■ Goal of the exercise: An exact copy is needed of each line from the one including "Young woman listening" through the last line of the entries, both ends counted, with nothing added.
** Supplied material follows **
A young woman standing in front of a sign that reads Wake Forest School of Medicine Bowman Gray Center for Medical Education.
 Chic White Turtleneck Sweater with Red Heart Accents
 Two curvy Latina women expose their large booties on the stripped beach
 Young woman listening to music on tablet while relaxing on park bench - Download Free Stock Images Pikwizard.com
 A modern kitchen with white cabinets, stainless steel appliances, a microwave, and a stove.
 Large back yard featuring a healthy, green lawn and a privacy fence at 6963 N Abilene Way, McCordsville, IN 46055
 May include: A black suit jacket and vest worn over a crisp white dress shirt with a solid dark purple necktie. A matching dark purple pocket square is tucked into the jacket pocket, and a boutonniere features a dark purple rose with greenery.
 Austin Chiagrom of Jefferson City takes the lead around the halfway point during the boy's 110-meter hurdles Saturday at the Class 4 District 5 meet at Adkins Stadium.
** End of Supplied material **
■ Answer section:
 Young woman listening to music on tablet while relaxing on park bench - Download Free Stock Images Pikwizard.com
 A modern kitchen with white cabinets, stainless steel appliances, a microwave, and a stove.
 Large back yard featuring a healthy, green lawn and a privacy fence at 6963 N Abilene Way, McCordsville, IN 46055
 May include: A black suit jacket and vest worn over a crisp white dress shirt with a solid dark purple necktie. A matching dark purple pocket square is tucked into the jacket pocket, and a boutonniere features a dark purple rose with greenery.
 Austin Chiagrom of Jefferson City takes the lead around the halfway point during the boy's 110-meter hurdles Saturday at the Class 4 District 5 meet at Adkins Stadium.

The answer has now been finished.